La question peut paraître incongru tant on a fait du divin marquis – dont les textes étaient solidement ancrés dans les théories matérialistes et scientifiques des Lumières – le destructeur le plus radical de toute la morale chrétienne, foulant aux pieds les institutions et les bonnes mœurs, mettant à nu les justifications de tous les crimes possibles : une fois le vernis de la civilisation passé à l’acide ne reste que l’expression des désirs naturels, des plus tendres au plus meurtriers. Comme le dit Philippe Roger, Sade est « un auteur gai, comme on peut l’être quand on piétine toutes les plates-bandes d’une ancienne société, pour y camper une parole neuve, une jeune insolence, un gai savoir. »

 

Et pourtant, l’imaginaire noir et la violence ne sont pas les seuls thèmes chers à l’auteur Sade.
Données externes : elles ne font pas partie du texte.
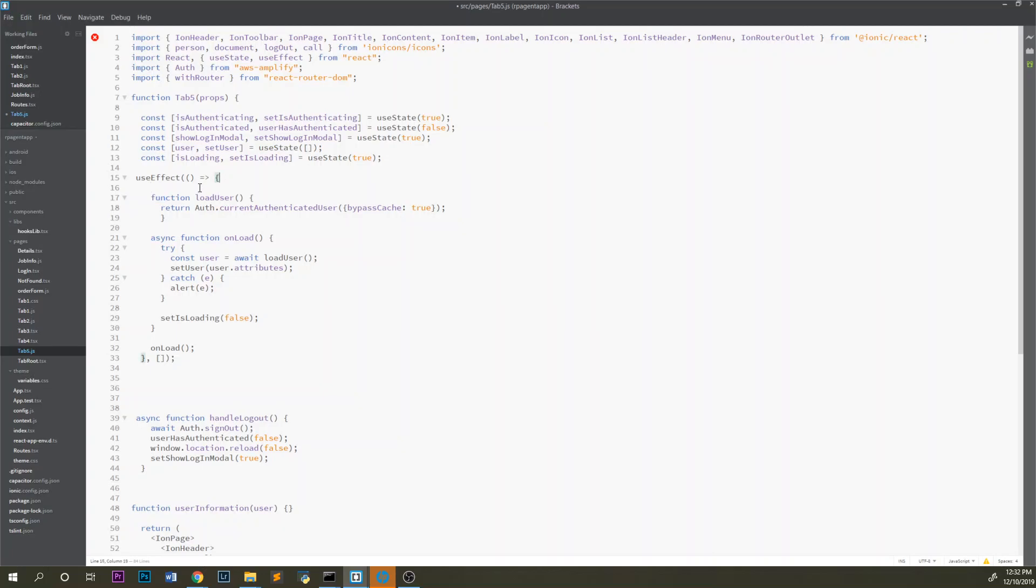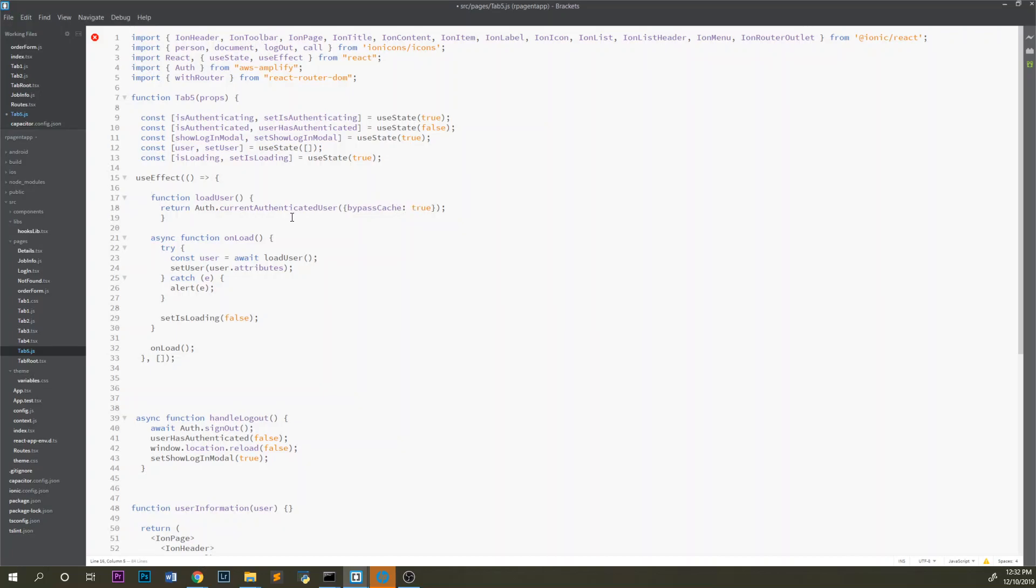The loadUsers function returns auth.currentAuthenticatedUser with bypassCache set to true. What that does is it will pull in the authenticated user object and it'll pull in a bunch of information from the authenticated user.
Il fut aussi un « expert dans le maniement de l’écriture brève et du comique« , la farce damant le pion à l’effroi au moment de sa vie où il fut en quête de respectabilité littéraire. À l’aube du XIXe siècle, Sade cherchait davantage à séduire le lecteur qu’à le choquer. C’est que nous apprend Stéphanie Genand dans la précieuse préface de l’édition de ces Contes Libertins aux éditions Garnier-Flammarion. La surprise est étonnante : sans jamais négliger sa plume sublime, toujours d’une grande délicatesse (y compris dans ses romans les plus terrifiants), Sade raconte des fables où maris cocus, femmes infidèles, prêtres délurés et autres gais lurons sont plongés dans des situations rocambolesques censées édifier les consciences. Sont ainsi prônées le respect des vertus telles que la pudeur, la piété, la tempérance, la fidélité, la bienfaisance, la pitié, la prudence, l’amour du bien et de la vérité (les mêmes vertus qui seront sévèrement punies par la providence dans l’histoire de Justine…). Il faut donc distinguer, pour reprendre la métaphore de Jean Roussel, le versant diurne de Sade soucieux de notoriété et de visibilité, de ses écrits de la nuit publiés anonymement et qui lui valurent la prison.

 

S’inspirant autant de Diderot, Boccace, Mirabeau, que des romancières expertes dans la forme courte (Mme de Gomez, Mme de Tencin ou Mlle de Lussan), ces quatorze récits composant ce recueil introduisent l’ambivalente « plaisanterie » des Lumières qui, comme le rappelle Stéphanie Genand « loin d’introduire la confusion, épouse au contraire la richesse du projet sadien : entrelacer le rire et la mort, la joie et la frustration, le carnaval gaulois et la soif de reconnaissance ». Le comique sadien transforme ainsi la légèreté en art noble.